Timing of the transition from a predominance of compression to a predominance of delay

The transition from a predominance of compression to a predominance of delay in the increases in e0 started earlier among women than among men and occurred earlier in Northern and Western Europe than in Southern and Eastern Europe (Table 2).

Among women in the USA, the effect of delay was larger than the effect of compression throughout the period. The onset of the transition occurred between 1955 and 1970 among women in Japan and in most other Northern and Western European countries, between 1970 and 1980 in the three Southern European countries and between 1970 and 1995 in all of the Eastern European countries, except Belarus (2000) and Latvia (2005). Among men, the transition from a predominance of compression to a predominance of delay occurred later, from 1965 onwards. Like the transition among women, the transition among men started relatively early in the USA, Northern and Western Europe, and in Japan, albeit surprisingly late in Denmark, Norway, and the Netherlands. Among men in Southern Europe, the transition started between 1975 and 1985, and even later in Eastern Europe.
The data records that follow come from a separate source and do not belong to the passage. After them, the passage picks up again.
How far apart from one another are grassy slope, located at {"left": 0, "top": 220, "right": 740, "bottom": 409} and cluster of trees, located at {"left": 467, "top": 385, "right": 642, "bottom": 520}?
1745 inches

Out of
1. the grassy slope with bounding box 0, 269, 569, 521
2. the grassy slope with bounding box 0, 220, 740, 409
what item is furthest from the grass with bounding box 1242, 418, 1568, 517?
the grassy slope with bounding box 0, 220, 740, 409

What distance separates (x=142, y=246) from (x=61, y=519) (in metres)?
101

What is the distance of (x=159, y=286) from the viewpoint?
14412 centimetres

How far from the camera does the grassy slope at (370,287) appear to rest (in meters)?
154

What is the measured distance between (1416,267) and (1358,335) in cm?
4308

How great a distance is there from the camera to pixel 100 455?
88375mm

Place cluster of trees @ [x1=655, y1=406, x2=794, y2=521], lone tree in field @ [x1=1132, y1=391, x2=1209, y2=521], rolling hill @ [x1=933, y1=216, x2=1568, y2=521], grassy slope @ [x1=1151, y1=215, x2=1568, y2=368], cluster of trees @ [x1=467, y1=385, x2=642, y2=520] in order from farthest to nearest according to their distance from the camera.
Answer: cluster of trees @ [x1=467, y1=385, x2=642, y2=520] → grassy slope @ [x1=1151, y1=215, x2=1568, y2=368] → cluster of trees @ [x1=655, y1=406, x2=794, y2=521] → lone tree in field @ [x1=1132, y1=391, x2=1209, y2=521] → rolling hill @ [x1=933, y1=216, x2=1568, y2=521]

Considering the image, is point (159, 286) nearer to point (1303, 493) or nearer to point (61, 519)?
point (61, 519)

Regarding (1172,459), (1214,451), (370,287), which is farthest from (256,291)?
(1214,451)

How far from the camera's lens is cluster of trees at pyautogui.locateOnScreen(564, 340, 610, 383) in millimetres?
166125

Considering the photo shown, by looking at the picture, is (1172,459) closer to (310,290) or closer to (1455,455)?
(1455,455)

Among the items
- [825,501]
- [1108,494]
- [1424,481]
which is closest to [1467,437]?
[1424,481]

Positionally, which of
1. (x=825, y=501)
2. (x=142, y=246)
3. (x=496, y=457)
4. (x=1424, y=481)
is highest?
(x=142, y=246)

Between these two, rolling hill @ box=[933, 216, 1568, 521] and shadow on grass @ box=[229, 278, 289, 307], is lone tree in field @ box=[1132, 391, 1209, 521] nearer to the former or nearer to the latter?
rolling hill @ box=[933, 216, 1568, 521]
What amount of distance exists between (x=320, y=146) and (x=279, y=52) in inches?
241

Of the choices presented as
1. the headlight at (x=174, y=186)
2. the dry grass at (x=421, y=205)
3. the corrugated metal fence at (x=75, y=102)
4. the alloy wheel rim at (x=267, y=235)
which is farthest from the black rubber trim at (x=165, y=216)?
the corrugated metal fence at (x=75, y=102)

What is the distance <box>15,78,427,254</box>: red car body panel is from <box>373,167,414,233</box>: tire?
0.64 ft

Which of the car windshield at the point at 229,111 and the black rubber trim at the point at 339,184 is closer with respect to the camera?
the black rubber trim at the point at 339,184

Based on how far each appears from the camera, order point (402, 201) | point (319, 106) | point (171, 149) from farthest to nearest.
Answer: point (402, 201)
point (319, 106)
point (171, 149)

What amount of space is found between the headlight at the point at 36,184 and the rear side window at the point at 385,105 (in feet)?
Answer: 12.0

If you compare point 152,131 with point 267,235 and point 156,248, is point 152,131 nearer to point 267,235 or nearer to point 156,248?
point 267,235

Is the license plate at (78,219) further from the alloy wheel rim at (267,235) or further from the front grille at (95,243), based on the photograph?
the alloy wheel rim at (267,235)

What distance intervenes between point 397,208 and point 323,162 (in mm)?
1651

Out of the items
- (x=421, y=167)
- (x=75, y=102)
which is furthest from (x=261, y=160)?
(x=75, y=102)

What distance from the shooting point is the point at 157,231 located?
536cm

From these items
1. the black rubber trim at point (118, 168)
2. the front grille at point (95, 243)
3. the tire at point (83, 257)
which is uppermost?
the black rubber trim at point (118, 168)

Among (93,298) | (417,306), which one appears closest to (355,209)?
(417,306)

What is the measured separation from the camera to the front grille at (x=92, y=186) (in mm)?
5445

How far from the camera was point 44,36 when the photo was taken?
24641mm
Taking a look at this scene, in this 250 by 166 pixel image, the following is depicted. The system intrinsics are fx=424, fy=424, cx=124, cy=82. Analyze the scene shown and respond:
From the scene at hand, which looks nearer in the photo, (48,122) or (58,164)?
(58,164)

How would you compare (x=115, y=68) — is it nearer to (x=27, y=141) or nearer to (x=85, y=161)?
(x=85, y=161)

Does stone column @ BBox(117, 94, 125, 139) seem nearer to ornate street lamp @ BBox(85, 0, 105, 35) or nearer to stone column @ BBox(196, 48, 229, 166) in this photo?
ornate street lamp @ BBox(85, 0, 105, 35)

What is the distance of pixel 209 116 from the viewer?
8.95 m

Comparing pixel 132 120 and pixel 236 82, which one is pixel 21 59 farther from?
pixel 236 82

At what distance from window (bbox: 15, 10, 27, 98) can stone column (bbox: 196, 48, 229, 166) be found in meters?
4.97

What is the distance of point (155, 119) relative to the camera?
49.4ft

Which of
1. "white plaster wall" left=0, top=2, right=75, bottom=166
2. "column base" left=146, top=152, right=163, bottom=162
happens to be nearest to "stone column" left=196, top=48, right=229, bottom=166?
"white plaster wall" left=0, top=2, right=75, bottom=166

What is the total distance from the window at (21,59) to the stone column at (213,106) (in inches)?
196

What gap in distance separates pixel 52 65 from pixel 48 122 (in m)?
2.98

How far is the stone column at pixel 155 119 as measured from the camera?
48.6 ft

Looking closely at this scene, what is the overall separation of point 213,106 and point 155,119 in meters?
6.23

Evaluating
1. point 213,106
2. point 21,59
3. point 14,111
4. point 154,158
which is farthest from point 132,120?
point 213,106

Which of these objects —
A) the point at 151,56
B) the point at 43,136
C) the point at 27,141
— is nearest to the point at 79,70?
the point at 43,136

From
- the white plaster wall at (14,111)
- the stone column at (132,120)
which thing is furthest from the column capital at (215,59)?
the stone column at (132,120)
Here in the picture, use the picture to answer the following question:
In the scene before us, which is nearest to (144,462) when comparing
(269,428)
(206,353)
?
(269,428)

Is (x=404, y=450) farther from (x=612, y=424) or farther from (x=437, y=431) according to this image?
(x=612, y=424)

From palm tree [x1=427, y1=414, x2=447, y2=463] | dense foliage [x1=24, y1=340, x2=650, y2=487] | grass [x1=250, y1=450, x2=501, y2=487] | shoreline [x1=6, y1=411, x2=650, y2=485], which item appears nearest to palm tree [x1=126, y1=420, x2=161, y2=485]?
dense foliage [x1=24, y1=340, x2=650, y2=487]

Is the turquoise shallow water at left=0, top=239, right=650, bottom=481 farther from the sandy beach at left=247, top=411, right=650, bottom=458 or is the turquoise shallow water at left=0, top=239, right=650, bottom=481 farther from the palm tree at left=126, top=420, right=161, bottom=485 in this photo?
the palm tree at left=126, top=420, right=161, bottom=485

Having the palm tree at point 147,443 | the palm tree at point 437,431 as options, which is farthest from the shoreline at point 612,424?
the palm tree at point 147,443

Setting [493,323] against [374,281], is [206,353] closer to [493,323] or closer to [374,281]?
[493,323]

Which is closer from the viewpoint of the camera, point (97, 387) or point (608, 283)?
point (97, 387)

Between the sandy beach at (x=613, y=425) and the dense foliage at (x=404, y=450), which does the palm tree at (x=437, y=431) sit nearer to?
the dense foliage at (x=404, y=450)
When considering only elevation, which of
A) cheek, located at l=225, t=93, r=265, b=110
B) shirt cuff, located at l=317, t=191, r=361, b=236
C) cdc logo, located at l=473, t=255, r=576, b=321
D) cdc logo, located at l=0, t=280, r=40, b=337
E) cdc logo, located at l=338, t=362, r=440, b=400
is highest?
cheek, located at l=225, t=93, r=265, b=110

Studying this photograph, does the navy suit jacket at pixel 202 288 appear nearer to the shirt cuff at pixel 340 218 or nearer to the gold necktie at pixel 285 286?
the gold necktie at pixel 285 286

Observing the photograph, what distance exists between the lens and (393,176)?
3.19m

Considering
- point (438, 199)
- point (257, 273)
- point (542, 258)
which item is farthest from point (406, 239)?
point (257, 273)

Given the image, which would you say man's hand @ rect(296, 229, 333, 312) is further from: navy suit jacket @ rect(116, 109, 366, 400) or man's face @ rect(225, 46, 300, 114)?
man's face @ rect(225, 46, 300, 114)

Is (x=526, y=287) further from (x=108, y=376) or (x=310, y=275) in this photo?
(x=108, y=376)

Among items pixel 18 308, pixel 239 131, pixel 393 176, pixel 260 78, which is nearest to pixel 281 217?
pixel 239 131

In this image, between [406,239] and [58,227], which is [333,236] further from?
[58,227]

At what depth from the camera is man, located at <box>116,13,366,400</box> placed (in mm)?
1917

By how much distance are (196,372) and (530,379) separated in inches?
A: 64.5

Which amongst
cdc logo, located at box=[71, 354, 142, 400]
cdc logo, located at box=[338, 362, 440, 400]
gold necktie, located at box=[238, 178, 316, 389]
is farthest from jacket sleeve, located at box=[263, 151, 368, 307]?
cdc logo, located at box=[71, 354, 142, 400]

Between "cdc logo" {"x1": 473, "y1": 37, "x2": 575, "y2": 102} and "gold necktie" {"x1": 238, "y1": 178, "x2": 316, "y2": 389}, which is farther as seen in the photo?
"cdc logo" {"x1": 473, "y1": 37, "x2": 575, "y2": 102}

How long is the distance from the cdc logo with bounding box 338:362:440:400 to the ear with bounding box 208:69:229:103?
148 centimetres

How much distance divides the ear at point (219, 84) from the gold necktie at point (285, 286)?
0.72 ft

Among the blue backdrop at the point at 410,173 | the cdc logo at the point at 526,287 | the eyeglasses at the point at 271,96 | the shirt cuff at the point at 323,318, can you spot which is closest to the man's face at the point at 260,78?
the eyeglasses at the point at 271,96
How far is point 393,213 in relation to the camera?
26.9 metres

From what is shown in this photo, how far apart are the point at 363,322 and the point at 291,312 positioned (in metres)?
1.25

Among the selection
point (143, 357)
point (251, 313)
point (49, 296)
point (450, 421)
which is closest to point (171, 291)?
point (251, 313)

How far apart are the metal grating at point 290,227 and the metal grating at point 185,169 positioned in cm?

Among men in Lithuania, Latvia, and Belarus, there is no evidence that the transition from compression to delay has occurred.

The importance of compression at young, adult, and old ages in the transition

In the 1950s in non-Eastern Europe, the predominance of mortality compression was caused by the large contribution of mortality decline at young ages to the increase in e0 (Fig. 3). In addition, among men, the modal age was either only marginally increasing or even declining (Fig. 1). For women in non-Eastern Europe, delay was already contributing on average 44% of the increase in e0.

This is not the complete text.